When I was a child I always believed in that the life of adult people is more fun then mine. According to the "Allegory in a Cave" by Plato I can say that be a child is like being a chained person.
I used to believe that life on my own will be much easier for me because I will decide about everything I want, I will spent my money in the way I would like, and nobody will tell me what I have to do in my life, what is bad or good way of behavior in life. I always thought I will enjoy it a lot. I thought like a lot children that when they become adult than the rest of people will count with their opinions. I realized after years, when I finally become adult by age, that reality is much different than we thought before we discovered everything about that what we wanted.

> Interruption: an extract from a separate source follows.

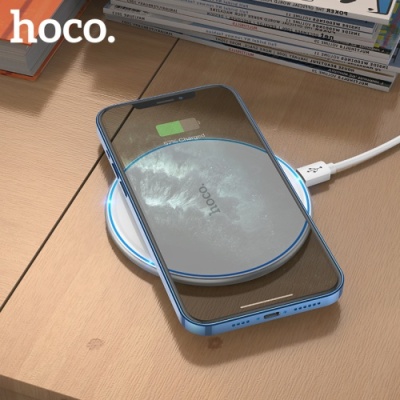безпровідний зарядний пристрій hoco cw6 pro (білий) 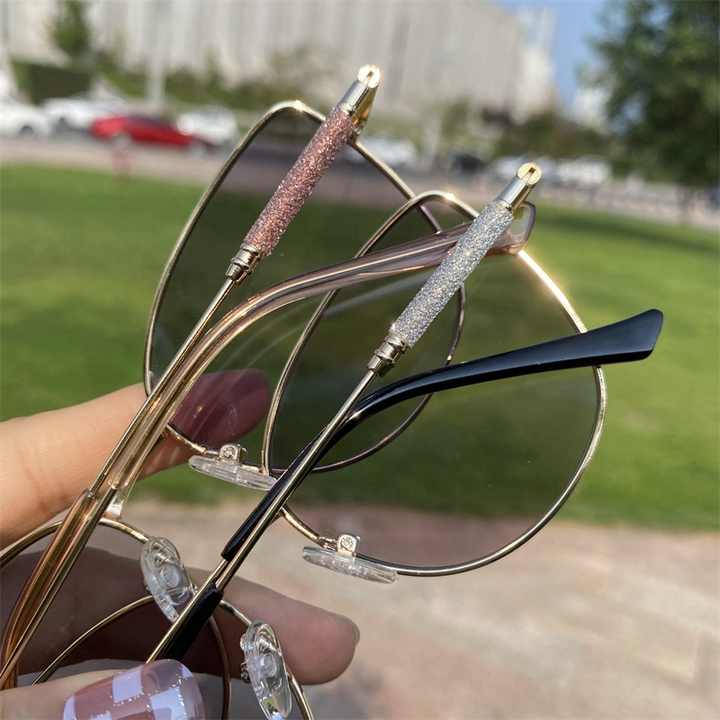 Photochromic Metal Black Sunglasses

That what I used to believe was partly true. the problem is that I haven't think about how much responsibility I will have to afford in my life when I will be adult. As a child we usually think just about advantages, we don't take an option of problems which start in pair with some age.
When I used to go just to school, all I was worried about was how to get good grades and what will I do after classes will be done. On weekends I could do whatever I wanted. I used to go with friends to play basketball, we were going to ride on bikes or inline skates. During the nights we used to go on parties which were made for teenagers. I hadn't make any money than so all of it I usually took from parents. It wasn't too much but always enough on some fun. I knew it that I was dependent of my parents and that if I will argue with them too much than I won't get any money or I would get some penalty. I felt than like a person from Socrates' allegory because If somebody older didn't give me enough funds or didn't let me go somewhere than I wasn't able to do anything. I felt than closed in my house like a person chained to the rocks in allegory.
Adult life is a little bit different than I used to imagine that as a child. I can do whatever I want to, but it usually goes with some responsibillity. I have to go every day to work. As we know money doesn't give happiness but we need it anyway to pay rent, bills, school, and everyday expenses. That is the part which can be compared to the allegory's prisoner who got out of his cave life and realized that the life outside is full of surprises, new things, which scared him. I like my life style even that is usually in hurry. I always have a time after my job and school to enjoy it. Weeks are sometimes hard but I find a time to rest during the weekend.
I have a moments in my life when I would like to come back to my "cave" - childhood. That happen mostly because new bad experiences in my life. I good know it is not possible anymore, but anyway it is not what I really want to. I think that the problem is sometimes people expect more from life than they can have. We have to accept many things and the true is that we can't come back to some moments the same like prisoner in Socrates story. People should look forward and do not think about what could happen if they would be back to the biginnings.
Hey Sebastian what's up. I have just read your essay and it seems to be really interesting because; it has good reflexions of people trying to grow up and its connection to the Allegory is well supported. we need to keep it up to beat the target CAT-W.